CHNB-TV
- North Bay, Ontario; Canada;
- Channels: Analog: 4 (VHF);
- Branding: MCTV CBC

Programming
- Affiliations: CBC

Ownership
- Owner: J. Conrad Lavigne (1971–1980); Mid-Canada Communications (1980–1990); Baton Broadcasting/CTV Inc. (1990–2002);
- Sister stations: CKNY-TV

History
- First air date: October 15, 1971
- Last air date: October 27, 2002

Technical information
- ERP: 100 kW
- HAAT: 223.1 m (732 ft)
- Transmitter coordinates: 46°3′46″N 79°26′7″W﻿ / ﻿46.06278°N 79.43528°W

= CHNB-TV =

Television station in North Bay, Ontario (1971–2002)

CHNB-TV (channel 4) was a television station in North Bay, Ontario, Canada. The station was in operation from 1971 to 2002 as a private affiliate of CBC Television, and then continued until 2012 as a network-owned rebroadcaster of CBLT in Toronto.

==History==
CHNB was established on October 15, 1971, by J. Conrad Lavigne, the owner of CFCL in Timmins. On the same day, the existing television station in North Bay, CKNY, switched affiliation to CTV.

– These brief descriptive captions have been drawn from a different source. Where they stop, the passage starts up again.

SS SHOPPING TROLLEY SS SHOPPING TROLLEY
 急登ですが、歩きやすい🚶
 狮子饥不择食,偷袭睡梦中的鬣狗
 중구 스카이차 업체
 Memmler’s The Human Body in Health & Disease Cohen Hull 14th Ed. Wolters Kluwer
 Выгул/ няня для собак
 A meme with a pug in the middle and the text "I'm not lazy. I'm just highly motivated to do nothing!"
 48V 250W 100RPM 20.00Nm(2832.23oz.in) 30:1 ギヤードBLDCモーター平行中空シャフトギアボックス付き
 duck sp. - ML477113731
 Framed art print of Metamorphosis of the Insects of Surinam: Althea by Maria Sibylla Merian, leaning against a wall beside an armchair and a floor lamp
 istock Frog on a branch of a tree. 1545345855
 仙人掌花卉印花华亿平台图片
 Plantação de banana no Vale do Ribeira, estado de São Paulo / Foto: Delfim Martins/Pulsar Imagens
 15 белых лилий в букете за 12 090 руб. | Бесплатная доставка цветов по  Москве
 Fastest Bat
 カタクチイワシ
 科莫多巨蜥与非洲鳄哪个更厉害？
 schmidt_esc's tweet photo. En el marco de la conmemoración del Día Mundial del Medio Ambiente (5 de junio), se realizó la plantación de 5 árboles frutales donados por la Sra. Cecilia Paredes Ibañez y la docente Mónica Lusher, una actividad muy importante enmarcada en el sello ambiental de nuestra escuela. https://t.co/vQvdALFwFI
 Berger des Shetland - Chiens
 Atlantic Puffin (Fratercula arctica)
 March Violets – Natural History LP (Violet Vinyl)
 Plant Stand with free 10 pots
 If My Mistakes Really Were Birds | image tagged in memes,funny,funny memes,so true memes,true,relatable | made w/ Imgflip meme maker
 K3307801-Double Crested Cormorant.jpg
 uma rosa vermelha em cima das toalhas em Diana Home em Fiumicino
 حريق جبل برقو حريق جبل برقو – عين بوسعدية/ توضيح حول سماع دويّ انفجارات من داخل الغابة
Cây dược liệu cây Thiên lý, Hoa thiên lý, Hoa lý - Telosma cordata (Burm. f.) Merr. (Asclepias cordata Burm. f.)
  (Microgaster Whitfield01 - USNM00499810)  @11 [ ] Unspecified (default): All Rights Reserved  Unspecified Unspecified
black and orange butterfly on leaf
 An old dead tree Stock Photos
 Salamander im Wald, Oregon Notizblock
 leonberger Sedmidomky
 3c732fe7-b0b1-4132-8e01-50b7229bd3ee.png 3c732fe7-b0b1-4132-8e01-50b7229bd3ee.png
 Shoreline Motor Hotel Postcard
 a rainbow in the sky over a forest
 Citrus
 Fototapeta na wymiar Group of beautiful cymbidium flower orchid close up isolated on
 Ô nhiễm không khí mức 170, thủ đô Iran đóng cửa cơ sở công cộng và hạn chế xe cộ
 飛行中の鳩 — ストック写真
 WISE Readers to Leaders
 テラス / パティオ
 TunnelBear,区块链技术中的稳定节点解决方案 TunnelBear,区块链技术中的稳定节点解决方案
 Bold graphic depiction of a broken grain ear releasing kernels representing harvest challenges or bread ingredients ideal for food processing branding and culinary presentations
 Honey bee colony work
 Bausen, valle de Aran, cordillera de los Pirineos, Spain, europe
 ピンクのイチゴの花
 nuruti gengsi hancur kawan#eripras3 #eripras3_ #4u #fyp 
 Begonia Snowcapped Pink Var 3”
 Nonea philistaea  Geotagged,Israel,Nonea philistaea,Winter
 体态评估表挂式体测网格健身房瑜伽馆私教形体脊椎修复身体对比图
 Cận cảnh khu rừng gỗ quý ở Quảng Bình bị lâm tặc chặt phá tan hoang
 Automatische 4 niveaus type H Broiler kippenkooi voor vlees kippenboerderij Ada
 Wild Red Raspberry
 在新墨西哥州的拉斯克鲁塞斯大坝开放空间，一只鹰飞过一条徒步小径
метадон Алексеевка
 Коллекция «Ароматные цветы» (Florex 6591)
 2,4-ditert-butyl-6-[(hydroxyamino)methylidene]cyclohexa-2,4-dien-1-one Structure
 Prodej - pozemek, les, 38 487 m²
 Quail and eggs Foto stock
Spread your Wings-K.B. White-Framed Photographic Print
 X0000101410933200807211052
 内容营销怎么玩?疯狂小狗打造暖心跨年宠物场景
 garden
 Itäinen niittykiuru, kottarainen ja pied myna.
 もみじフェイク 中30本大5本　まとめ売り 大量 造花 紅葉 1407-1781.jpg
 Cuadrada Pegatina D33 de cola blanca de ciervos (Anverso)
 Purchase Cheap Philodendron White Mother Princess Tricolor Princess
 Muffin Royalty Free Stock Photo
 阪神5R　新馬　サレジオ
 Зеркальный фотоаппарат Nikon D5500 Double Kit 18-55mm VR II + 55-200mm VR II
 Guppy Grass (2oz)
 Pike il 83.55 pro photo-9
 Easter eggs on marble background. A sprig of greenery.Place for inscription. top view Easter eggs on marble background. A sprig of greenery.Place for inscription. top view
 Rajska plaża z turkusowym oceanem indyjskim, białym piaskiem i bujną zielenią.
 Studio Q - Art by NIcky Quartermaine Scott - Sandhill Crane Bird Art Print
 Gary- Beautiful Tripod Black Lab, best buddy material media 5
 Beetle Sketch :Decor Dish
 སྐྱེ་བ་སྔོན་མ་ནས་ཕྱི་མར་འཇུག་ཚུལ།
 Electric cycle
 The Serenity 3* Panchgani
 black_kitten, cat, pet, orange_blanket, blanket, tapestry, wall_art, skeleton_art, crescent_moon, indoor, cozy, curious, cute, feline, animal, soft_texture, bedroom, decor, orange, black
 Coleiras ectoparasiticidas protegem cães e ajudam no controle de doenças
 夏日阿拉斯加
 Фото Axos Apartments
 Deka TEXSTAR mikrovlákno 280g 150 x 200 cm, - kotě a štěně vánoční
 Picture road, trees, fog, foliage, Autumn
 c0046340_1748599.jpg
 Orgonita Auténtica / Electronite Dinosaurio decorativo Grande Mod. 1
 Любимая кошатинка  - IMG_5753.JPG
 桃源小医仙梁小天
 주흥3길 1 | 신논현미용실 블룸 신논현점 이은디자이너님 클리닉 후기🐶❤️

Until 1980, CHNB and CKNY aggressively competed with each other for advertising revenues, leaving both in a precarious financial position due to the North Bay market's relatively small size. In 1980, the Canadian Radio-television and Telecommunications Commission approved the merger of the two stations, and with their co-owned stations in Sudbury and Timmins, into the MCTV twinstick.

In 1990, the MCTV stations were acquired by Baton Broadcasting, which became the sole corporate owner of CTV in 1997.

===Transmitters===
On April 13, 1978, the CBC was given approval to add a television transmitter at Témiscaming, Quebec, on channel 21 with an ERP of 75 watts to rebroadcast the programs of CHNB-TV.

===End of operations===
CTV subsequently sold its four CBC affiliates in Northern Ontario—CHNB, CJIC in Sault Ste. Marie, CKNC in Sudbury and CFCL in Timmins—directly to the CBC in 2002. All four ceased to exist as separate stations on October 27, 2002, becoming rebroadcasters of Toronto's CBLT, with CHNB's call sign changing to CBLT-4. These transmitters would close on July 31, 2012, due to budget cuts affecting the CBC.

Since 2013, the CHNB callsign currently belongs to a Global Television Network station in Saint John, New Brunswick, known as CHNB-DT.